Genossenschaften bieten nicht nur preiswerten Wohnraum, sondern auch ein vielfältiges Nachbarschaftsleben und ein Mitspracherecht über die Entscheidungen in der Genossenschaft
Genossenschaften bieten eine gute Nachbarschaft und demokratische Mitbestimmung

“Ich suche eine Wohnung in einer Genossenschaft. Können Sie mir helfen?” Dies ist eine oft gestellte Frage an die GENOSSENSCHAFTER*INNEN. Es gibt zwar Auflistungen von Berliner Genossenschaften, wer sich jedoch mit dieser Frage an die einzelnen Genossenschaften wendet, wird meist schnell enttäuscht. Fast alle haben einen Mitgliederstopp, heißt es. Doch es gibt Hintertüren. Einige haben wir gefunden und in einem kleinen Ratgeber zusammengestellt.

Der Mitgliederstopp…

Grundsätzlich gilt: Wer in eine Wohnung in einer Genossenschaft einziehen will, muss zwei Hürden überwinden: erstens, den Beitrag für eine Mitgliedschaft bezahlen, und zweitens, eine passende Wohnung bekommen. Die reine Mitgliedschaft kostet in der Regel nur ein bis zwei Anteile. Wenn eine Wohnung gemietet wird, müssen Anteile nach Größe der Wohnung erworben werden. Der Preis für einen Anteil variiert je nach Genossenschaft.

Da Wohnungen in Genossenschaften derzeit sehr begehrt sind, gibt es meistens mehr Mitglieder als Wohnungen. Wer kommt zum Zuge, wenn eine Wohnung frei wird? In fast allen Genossenschaften ist die Dauer der Mitgliedschaft entscheidend. Wer spät eintritt, muss erstmal alle vorlassen, die vor ihm oder ihr da waren. Darüber hinaus gibt es Vorteile für bestimmte Gruppen: Junge Leute, Familien, Menschen mit Beeinträchtigungen … Letztlich hat jede Genossenschaft eigene Regeln. Wünschenswert wäre eine Veröffentlichung der “Vergaberegeln” auf der Webseite der Genossenschaft, was aber nur selten der Fall ist.

… hat häufig Ausnahmen

Von einem bestehenden Mitgliederstopp sollten sich Wohnungssuchende nicht abschrecken lassen. Eine Nachfrage lohnt, denn in vielen Genossenschaften gibt es Ausnahmen. Wenn eine Wohnung nicht an Mitglieder vermietet werden kann, kommen Externe in die Auswahl. Das gilt oft für kleine Wohnungen in den großen Genossenschaften im Ostteil der Stadt. Manchmal sind es auch hohe Nutzungsentgelte für Neubauwohnungen, die die Altgenoss*innen nicht zahlen wollen oder können.
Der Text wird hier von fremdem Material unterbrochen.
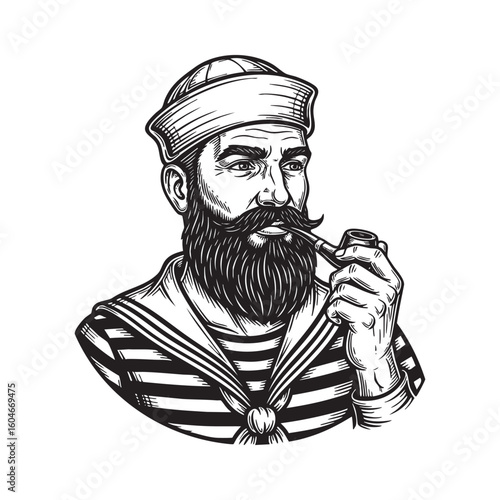hipster sailor head with thick beard and pipe woodcut engraving vector illustration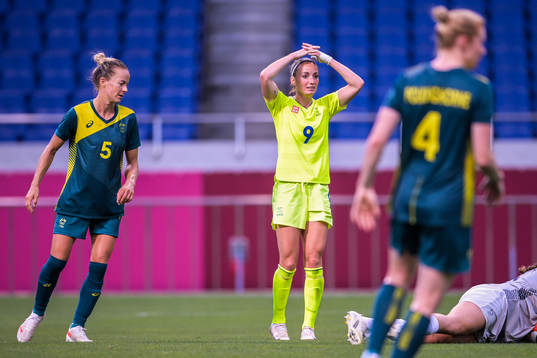 Kosovare Asllani of Sweden looks dejected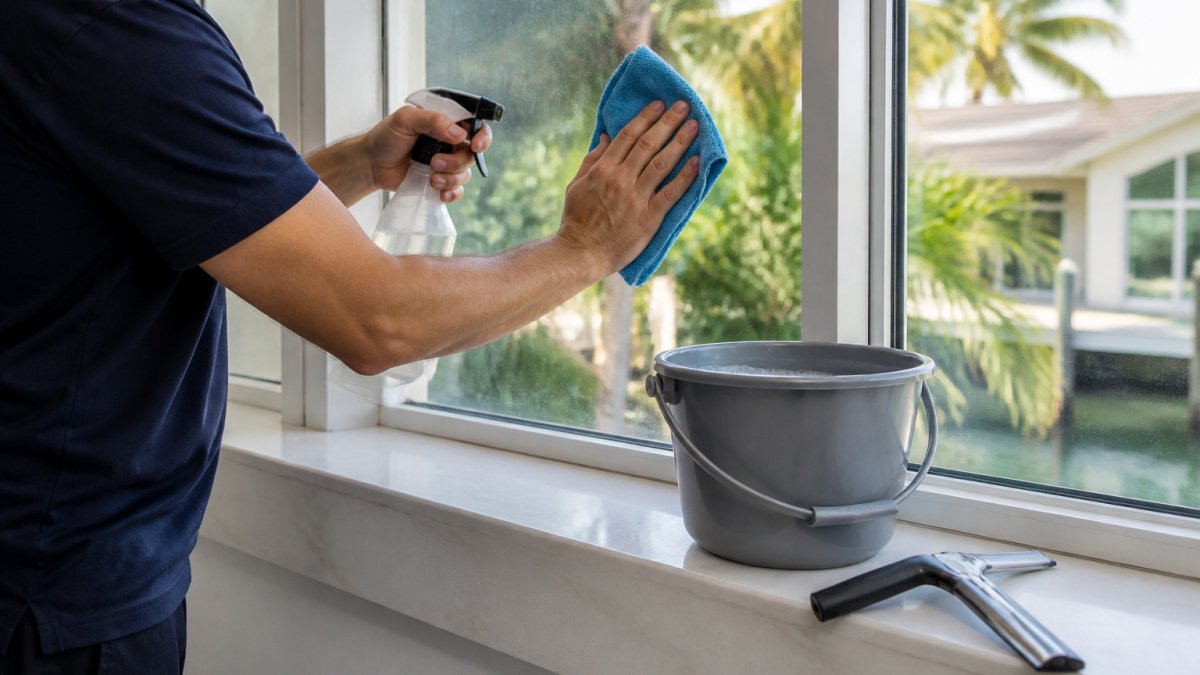 Close-up of hands using a soft microfiber cloth and spray bottle to clean impact window glass on a sunny afternoon, with a bucket of soapy water and squeegee visible on the windowsill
Von Vorteil ist, wenn Genossenschaften eine Warteliste für Anträge auf Mitgliedschaft führen. Die sind oft lang und man braucht viel Geduld, doch manchmal kommt ein gutes Angebot auch an Externe, wie ein Genossenschaftsmitglied schreibt: “Alle Wohnungen werden bei uns zuerst intern angeboten, und wenn kein Mitglied interessiert ist, werden sie auch an Externe vermietet. Faktisch passiert dies nur bei 1-Zimmer-Wohnungen, da die wohnungssuchenden Mitglieder sich meist vergrößern möchten. Aber manche – auch attraktive – 1-Zimmer-Wohnungen gehen tatsächlich an Externe, die damit dann Mitglied werden.”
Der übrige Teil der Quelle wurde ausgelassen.